Les Européens sont-ils en train de faire le pari de l'intelligence et de la confiance mutuelle ? C'est l'espoir suscité par la Commission européenne. A la surprise générale, celle-ci a décidé d'accorder un délai de deux ans à la France pour qu'elle ramène enfin son déficit public en deçà de 3 % du produit intérieur brut. Cet objectif devra donc être atteint non plus en 2013, ou 2014, mais en 2015.
Avant cette annonce, Paris espérait plus modestement décrocher un simple report d'un an, après avoir été incapable de respecter l'engagement pris par Nicolas Sarkozy, puis confirmé par François Hollande.
Mais le commissaire aux affaires économiques et monétaires, Olli Rehn, en a décidé autrement. Jugeant que les efforts à faire pour tenir le cap des 3 % dès l'année prochaine seraient trop importants pour être crédibles, il a reporté l'échéance à 2015 afin de ne pas tuer dans l'oeuf tout espoir de reprise. En contrepartie, il demande au gouvernement français d'accélérer ses efforts de réformes et de réduction des dépenses publiques.
Petit jeu intenable
La Commission et les Etats européens sortent enfin du jeu de rôle qui a rendu vaine la gouvernance économique de l'Union monétaire et a conduit l'euro au bord de la catastrophe.
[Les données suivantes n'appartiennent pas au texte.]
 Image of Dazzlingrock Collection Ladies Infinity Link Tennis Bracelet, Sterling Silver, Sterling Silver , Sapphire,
Il y eut, d'abord, la période "stupide", pour reprendre le qualificatif utilisé à propos du pacte de stabilité par l'ex-président de la Commission européenne, Romano Prodi.
Pour asseoir son pouvoir, Bruxelles appliquait les règles comptables tandis que, dès 2003, les Etats - la France et l'Allemagne - en profitaient pour s'en affranchir. Intelligemment, dans le cas de Gerhard Schröder qui a mis à profit ce répit pour réformer l'Allemagne ; de manière désinvolte par Jacques Chirac, qui s'est empressé de ne rien faire.
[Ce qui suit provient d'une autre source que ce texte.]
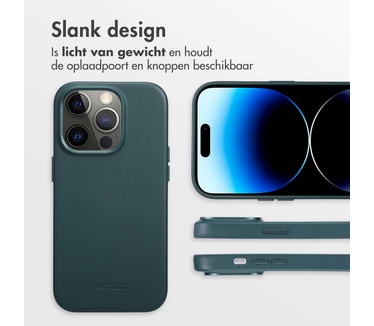 Accezz MagSafe Leather Backcover iPhone 14 Pro - Donkergroen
Les années de crise ont suspendu les règles, avant que ne s'ouvre l'ère du mensonge consenti : chacun se faisait des promesses qu'il savait intenables. C'est ainsi que la Commission et François Hollande ont prétendu pendant des mois que la France redescendrait en 2013 sous la barre des 3 %. La Commission sauvait la face et Paris pouvait se prétendre bon élève.
Ce petit jeu est devenu intenable, alors que l'Europe se trouve prise dans une querelle de doctrine. Les partisans du pilotage de la conjoncture (France, FMI) s'opposent à ceux de la rigueur (Allemagne, Commission). Les premiers appellent à ne pas accentuer la récession par des plans d'austérité cumulatifs, mais ne convainquent pas les seconds.
Avertis par l'expérience, ceux-ci y voient un prétexte habile pour reporter à plus tard les efforts nécessaires. Résultat, c'est la récession et l'absence de réformes qui menacent.
En renonçant au fétichisme du 3 %, la Commission a décidé de sortir de ce jeu perdant-perdant. Elle prend une décision économiquement sage et politiquement habile.